_Instructions to follow:_
Below are the records; give again exactly the line with "Close-up of Cinderella", the line with "Pink and mauve flowers in a small belt", and each line that lies between them, and nothing besides.

_Data supplied:_
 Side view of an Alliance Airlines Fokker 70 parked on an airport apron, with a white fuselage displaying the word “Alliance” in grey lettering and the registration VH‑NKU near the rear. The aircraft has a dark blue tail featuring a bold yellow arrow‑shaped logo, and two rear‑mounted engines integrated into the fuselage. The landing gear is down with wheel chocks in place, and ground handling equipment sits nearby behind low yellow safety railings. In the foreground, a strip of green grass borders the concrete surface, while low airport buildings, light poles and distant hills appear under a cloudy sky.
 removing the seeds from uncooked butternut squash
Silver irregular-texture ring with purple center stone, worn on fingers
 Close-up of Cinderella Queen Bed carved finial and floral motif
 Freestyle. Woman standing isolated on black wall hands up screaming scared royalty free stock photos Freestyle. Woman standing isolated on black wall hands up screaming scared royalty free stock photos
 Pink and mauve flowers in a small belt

--

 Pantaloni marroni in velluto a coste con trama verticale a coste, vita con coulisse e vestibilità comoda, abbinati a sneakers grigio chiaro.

==

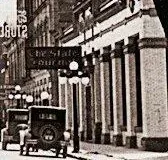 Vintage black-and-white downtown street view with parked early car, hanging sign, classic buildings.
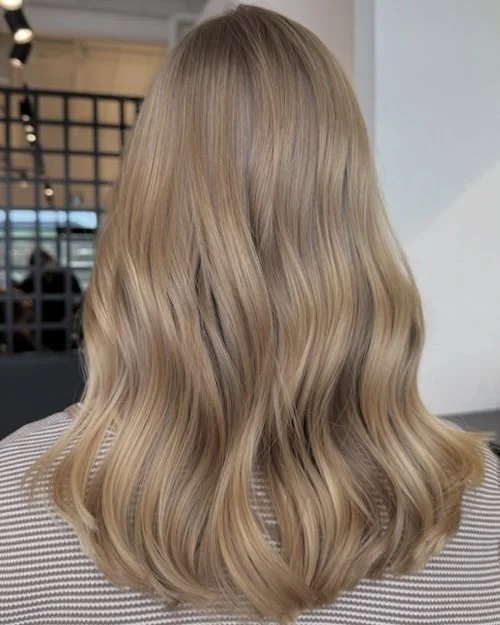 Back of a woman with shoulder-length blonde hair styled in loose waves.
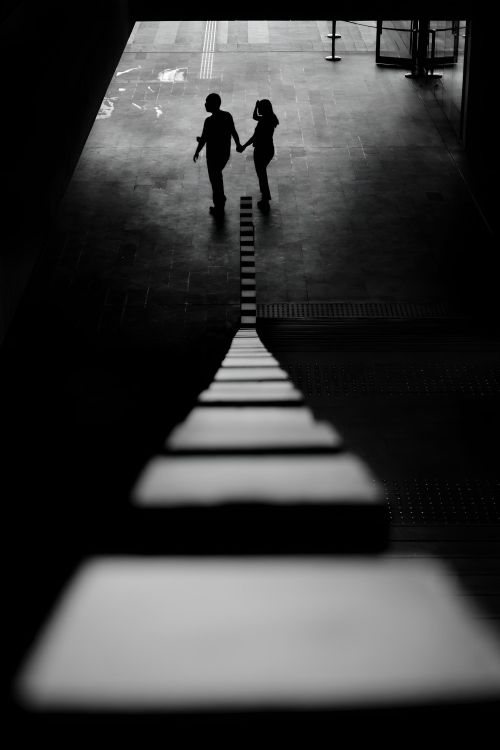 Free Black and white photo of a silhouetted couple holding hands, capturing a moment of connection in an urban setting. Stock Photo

_Your response:_
 Close-up of Cinderella Queen Bed carved finial and floral motif
 Freestyle. Woman standing isolated on black wall hands up screaming scared royalty free stock photos Freestyle. Woman standing isolated on black wall hands up screaming scared royalty free stock photos
 Pink and mauve flowers in a small belt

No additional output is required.